From October 2020 until July 2021, I had the chance to work on an exciting greenfield project in the investment sector. The goal was to develop a data-intensive webapp able to handle hundreds of UI changes per second along with the resolution of thousands of formulas, taking as inputs live market data and user entered values.
As this has been the most performance-critical software I have built so far, I thought it might be useful to share the approaches and tools that were adopted to tackle slow performance, involving both scripting and rendering.
The project stack includes:
-
Reagent
-
Re-frame
-
Re-graph
-
Ag-grid/Ag-charts
Identifying the bottlenecks
Runtime Performance Analyzer
Browser developer tools are great at spotting slowdowns and their cause. In particular, the runtime performance analyzer provides in-depth insights about your app performance while it is running. The final report shows a dissected view of the code, which is presented as a stack of functions in a timeline, therefore making clear which parts take longer to execute. To know more about this tool you can check out this tutorial, so you can learn how to make the most out of it.
To illustrate the usefulness of this tool let’s start by looking at the performance of a single task:
What you see above is a WebSocket message being received and processed.
From the top, channel.port1.onmessage
is the function that is invoked
when the payload pings the client. Going down the stack, there are a
bunch of internal re-frame functions that finally lead to the app
business logic with the call to app$events$graph_feed_values_BANG_
.
By hovering over the rectangle, you get the number of milliseconds the function in question took to execute. However, by clicking on it you can view a lot of extra information that helps better explore the code.
Focusing on the Bottom-Up
pane, a list of activities can be sorted by
Self and Total time to immediately identify the slow running functions.

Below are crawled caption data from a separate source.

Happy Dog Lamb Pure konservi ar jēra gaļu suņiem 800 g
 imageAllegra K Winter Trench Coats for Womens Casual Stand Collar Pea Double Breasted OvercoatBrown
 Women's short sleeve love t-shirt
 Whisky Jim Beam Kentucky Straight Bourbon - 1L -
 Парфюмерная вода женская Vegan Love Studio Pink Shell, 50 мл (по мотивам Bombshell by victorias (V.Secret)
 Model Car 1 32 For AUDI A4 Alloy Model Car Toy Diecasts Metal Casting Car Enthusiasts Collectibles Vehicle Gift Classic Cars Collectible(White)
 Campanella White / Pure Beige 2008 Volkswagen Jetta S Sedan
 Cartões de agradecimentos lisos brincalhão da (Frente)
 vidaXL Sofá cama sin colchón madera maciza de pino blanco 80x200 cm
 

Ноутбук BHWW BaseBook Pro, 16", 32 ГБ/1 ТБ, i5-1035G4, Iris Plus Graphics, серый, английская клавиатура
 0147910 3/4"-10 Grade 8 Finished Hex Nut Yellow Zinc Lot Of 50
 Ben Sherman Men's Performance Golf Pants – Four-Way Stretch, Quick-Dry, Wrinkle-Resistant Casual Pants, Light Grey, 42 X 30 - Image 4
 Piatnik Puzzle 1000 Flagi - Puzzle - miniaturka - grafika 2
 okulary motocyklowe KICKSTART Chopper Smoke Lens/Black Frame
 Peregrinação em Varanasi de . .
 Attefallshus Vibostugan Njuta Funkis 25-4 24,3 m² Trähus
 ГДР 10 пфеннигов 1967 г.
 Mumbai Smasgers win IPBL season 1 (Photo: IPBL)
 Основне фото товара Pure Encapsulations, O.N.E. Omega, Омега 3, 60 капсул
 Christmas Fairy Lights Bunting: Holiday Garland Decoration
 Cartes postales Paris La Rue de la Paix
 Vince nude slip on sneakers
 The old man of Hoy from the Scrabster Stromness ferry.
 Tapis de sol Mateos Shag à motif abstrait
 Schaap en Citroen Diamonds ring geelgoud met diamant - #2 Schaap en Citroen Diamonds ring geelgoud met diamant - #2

Additionally, by clicking on any of the file name links located at the
end of the rows, you can see the individual lines of source code that
are likely to downgrade performance.
With only a 20 second investigation, we were able to spot that line
185
in the calculations2.cljs
file might be taking too long to
complete, so we have a good starting point for making some improvements.
By right clicking over the area with the milliseconds it is also possible to add breakpoints, to pause the app execution for data inspection whenever the relevant line of code is invoked.
Performance Monitor
This tool runs while the user interacts with the app, and it tracks core metrics such as CPU usage, JS heap size, and so on. Although the performance monitor doesn’t tell us as much as the runtime performance analyzer, it still provides a great top level view of your app, indicating its overall health.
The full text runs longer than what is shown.